Modern eventing with CQRS, Redpanda, and Zilla (Part 1)
Command Query Responsibility Segregation (CQRS)—simplified
The world we all live in is event-driven. We respond to stimuli and take action every day. Event-driven architecture lets us model our applications to closely reflect that real-world behavior, using technologies like Zilla and Redpanda to support reliable communication between event-driven microservices.
The Command Query Responsibility Segregation (CQRS) architectural pattern is still somewhat shrouded in mystery. Redpanda is “simplified Kafka”, and Zilla is simplified API connectivity to Kafka. This pairing makes it super simple to build a CQRS example with the two platforms! A great example among many industries that use Redpanda and Zilla is real-time, person-to-person (p2p) payments.
The Zilla open-source API Gateway extends the reach of Redpanda beyond backend, inter-microservice communication to web and mobile applications, solving for first and last mile security, at the same level of operational simplicity, performance, and scale that users expect from Redpanda.
Zilla acts as an on-ramp to Redpanda, unlocking migration of the architectural backbone to be fully event-driven while maintaining application-specific RESTful endpoints for compatibility. Zilla also supports application-specific streaming endpoints for the CQRS pattern, allowing both microservices and end-users to react to stimuli, just like in everyday life.
In this two-part series, we’ll first break down each of these components.

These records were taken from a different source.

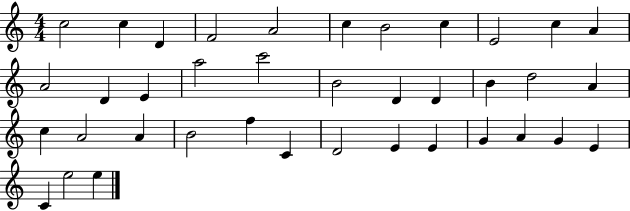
{
  \clef treble
  \numericTimeSignature
  \time 4/4
  \key c \major
  c''2 c''4 d'4 | f'2 a'2 | c''4 b'2 c''4 | e'2 c''4 a'4 | \break a'2 d'4 e'4 | a''2 c'''2 | b'2 d'4 d'4 | b'4 d''2 a'4 | \break c''4 a'2 a'4 | b'2 f''4 c'4 | d'2 e'4 e'4 | g'4 a'4 g'4 e'4 | \break c'4 e''2 e''4 | \bar "|."
}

In the second post, we’ll walk you through an example p2p payment application called StreamPay, so you can see CQRS, Zilla, and Redpanda in action.

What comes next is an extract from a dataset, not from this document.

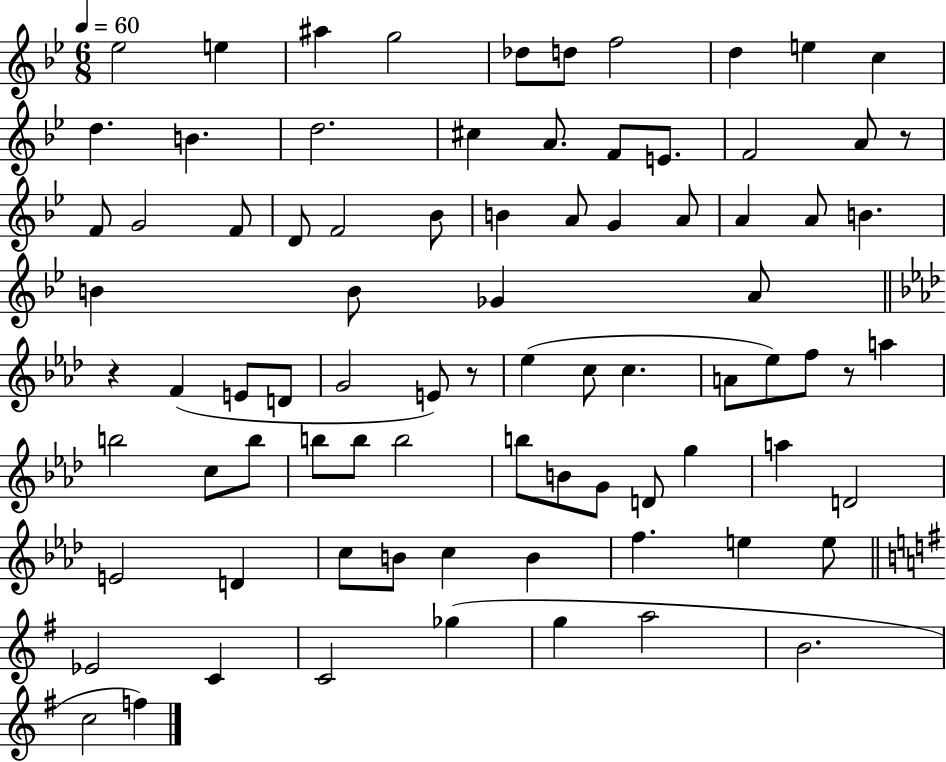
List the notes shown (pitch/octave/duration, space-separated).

Eb5/h E5/q A#5/q G5/h Db5/e D5/e F5/h D5/q E5/q C5/q D5/q. B4/q. D5/h. C#5/q A4/e. F4/e E4/e. F4/h A4/e R/e F4/e G4/h F4/e D4/e F4/h Bb4/e B4/q A4/e G4/q A4/e A4/q A4/e B4/q. B4/q B4/e Gb4/q A4/e R/q F4/q E4/e D4/e G4/h E4/e R/e Eb5/q C5/e C5/q. A4/e Eb5/e F5/e R/e A5/q B5/h C5/e B5/e B5/e B5/e B5/h B5/e B4/e G4/e D4/e G5/q A5/q D4/h E4/h D4/q C5/e B4/e C5/q B4/q F5/q. E5/q E5/e Eb4/h C4/q C4/h Gb5/q G5/q A5/h B4/h. C5/h F5/q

That said, let’s get into the theory.
What are RESTful APIs?
RESTful APIs are a traditional approach for web applications, providing a synchronous request-response interaction pattern between clients and RESTful endpoints.

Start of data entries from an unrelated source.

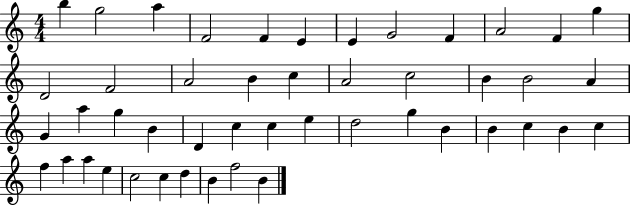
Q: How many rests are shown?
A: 0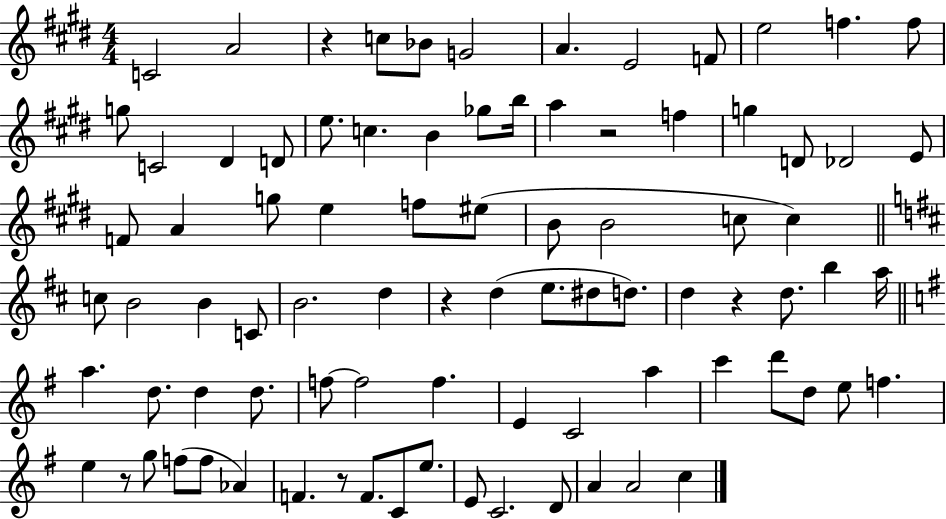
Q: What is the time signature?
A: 4/4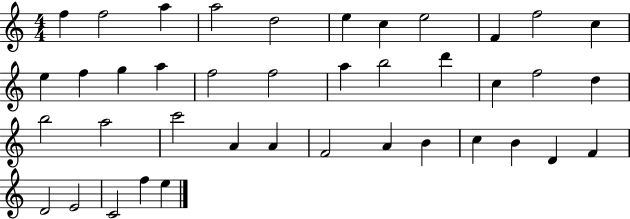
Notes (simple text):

F5/q F5/h A5/q A5/h D5/h E5/q C5/q E5/h F4/q F5/h C5/q E5/q F5/q G5/q A5/q F5/h F5/h A5/q B5/h D6/q C5/q F5/h D5/q B5/h A5/h C6/h A4/q A4/q F4/h A4/q B4/q C5/q B4/q D4/q F4/q D4/h E4/h C4/h F5/q E5/q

Application architectures that combine both RESTful APIs and an event streaming platform, such as Redpanda, often keep their RESTful microservices segregated from event streaming patterns. Each RESTful microservice typically logs an event stream of API activity, which can additionally “fan out” to other downstream event-driven microservices, including analytics pipelines.
Extending the reach of event-driven architectures (EDA) beyond the cloud (or on-premise data center) to include the Web client requires a mechanism to notify the client when a relevant event occurs. HTTP polling works, but puts unnecessary load on the system, even when there’s nothing to report. Alternatively, HTML5-friendly techniques, such as Server-Sent Events (SSE) and WebSockets bidirectional streaming are much more efficient.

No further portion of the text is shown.